One of the most exciting aspects of teaching is seeing students challenged - and changed - by the ideas they encounter. As Mezirow (1991) stated, transformative learning typically involves a period of significant disorientation, prompting students to question and reject previous beliefs. While unsettling at the time, this destabilising experience of dissonance and discomfort ultimately generates transformative learning, achieved when the temporary uncertainties resolve into a stable, new understanding. Within sociology, a key concept encountered early on – the ‘sociological imagination’ - frequently challenges students in this way, before leading them to transformative ‘epiphanies’ (e.g. Haddad and Lieberman, 2002).

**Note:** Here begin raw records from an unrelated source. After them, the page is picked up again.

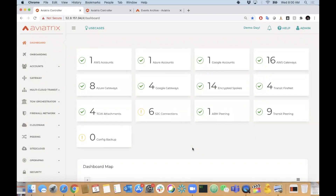Hello and welcome everybody to Aviatrix Demo Day. Really excited to have you all join us. We have a good group of people, still have people trickling in, but this will be recorded. So if you miss anything from the beginning, you can go back and watch the recording. I want to give a little bit of background on what Demo Day is all about and why it came about.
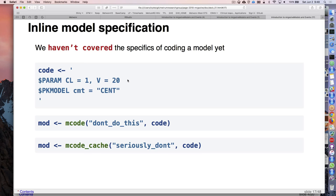I don't use these internal library models for production project work - project models are more complicated - but they're a convenient starting point. There's also inline model specification using the 'mcode' function. You can make a character object called 'code' in your R session, write your model in single quotes, and pass it off to mcode. The mcode function is just like mread except it takes that code, writes it out to a file, and reads it back in with mread - so you can code a model directly in your R script.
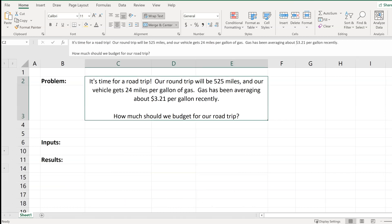So here's our problem. It's time for a road trip, and our round trip will be 525 miles. Our vehicle gets 24 miles per gallon of gas, and recently gas has been averaging about $3.21. So how much should we budget for a road trip? When we look at this problem, we have three variables: the distance we'll travel, our miles per gallon (our fuel economy), and the price per gallon of gas at $3.21.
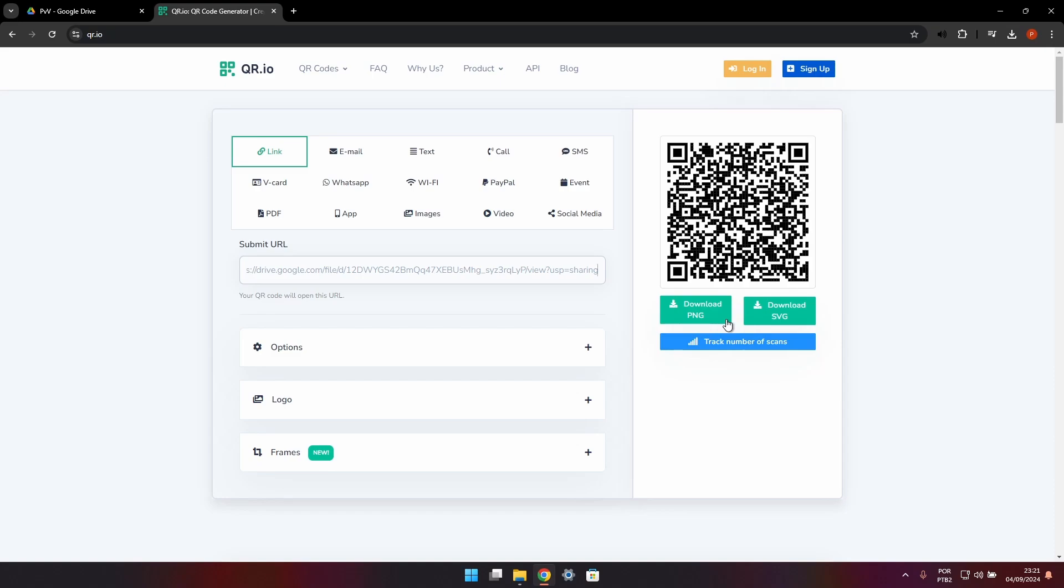You can then download the PNG image file to add to the document for printing and so on.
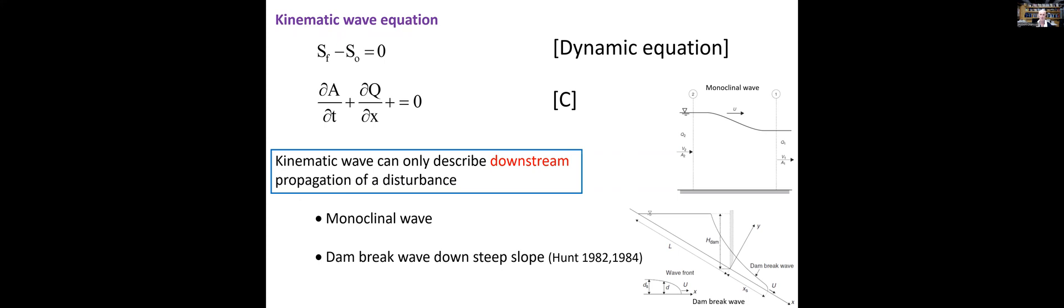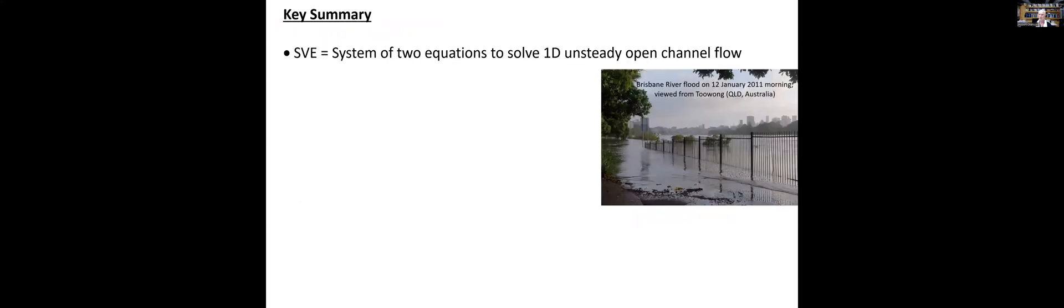We may derive analytical solutions such as a monoclinal wave or a dam break wave solution down a steep slope, the development by Dr. Bruce Hunt from UNSW Canberra. Very nice mathematical development.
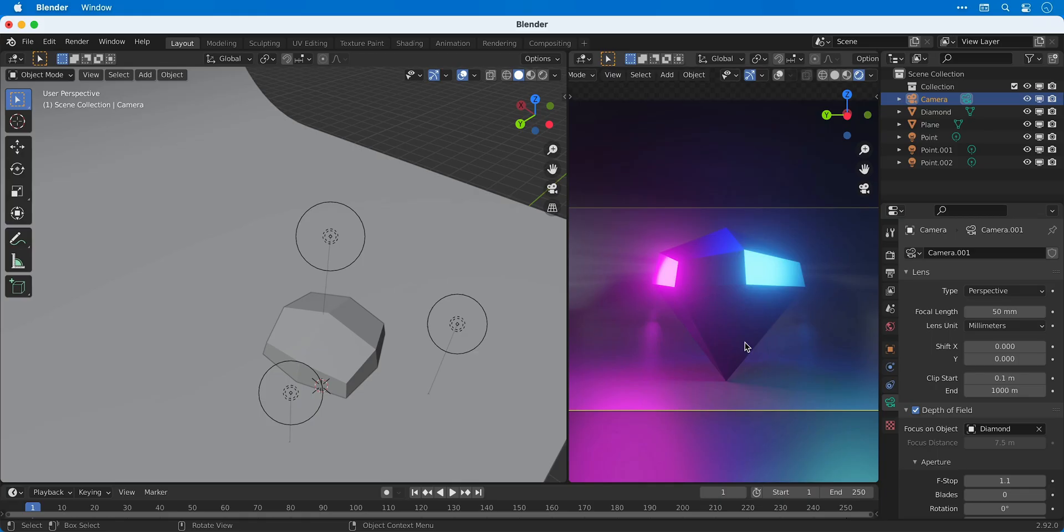Hey guys, welcome to part 8. In this video we're going to look at rendering with both Eevee and Cycles.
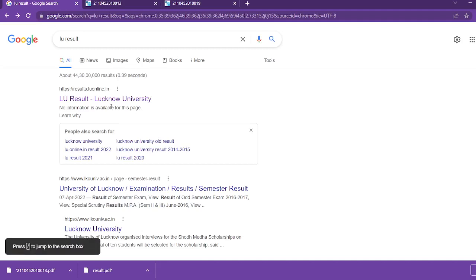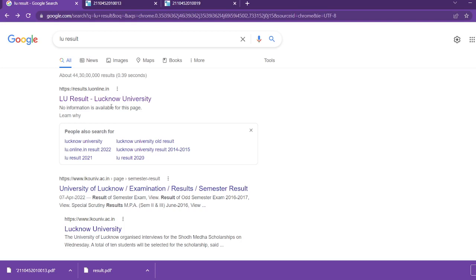Hey guys, welcome to my channel. Lucknow University B.com first semester result is out. If you are a student in the first semester at Lucknow University, the result is coming after a long time, but the result is coming.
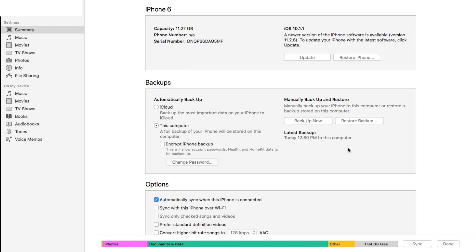Now if I wanted to come back in and restore that specific backup, you basically go through this exact same process, except that this button, this restore backup option will now be available for you.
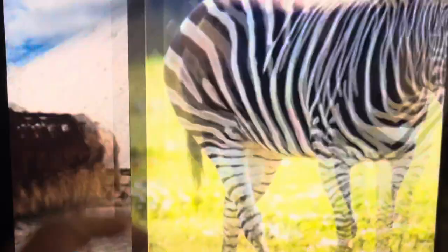X, x-ray fish. Y, yak. Z, zebra. That's the alphabet! This is the animal alphabet. How much more fun can an alphabet get?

Seeing this take place repeatedly in my own Introductory Sociology classes enabled me to identify the sociological imagination as an especially significant ‘threshold concept’ within the discipline (Meyer and Land, 2003) and, using this conceptual framework, I began exploring how students traverse this particular threshold in their learning. Using a CATS-inspired approach (Angelo and Cross, 1993), I ask students to complete weekly in-class writing tasks for the duration of the course, which form a cumulative ‘learning dossier’. This serves to document changes in their thinking, as they grapple with developing their own sociological imagination. In this presentation I will explain the development of my research with reference to Meyer and Land’s theory and invite audience members to identify ‘threshold concepts’ in their own field that could be explored using a similar approach. I will conclude by encouraging discussion of the implications of some of my research findings for our everyday teaching practices.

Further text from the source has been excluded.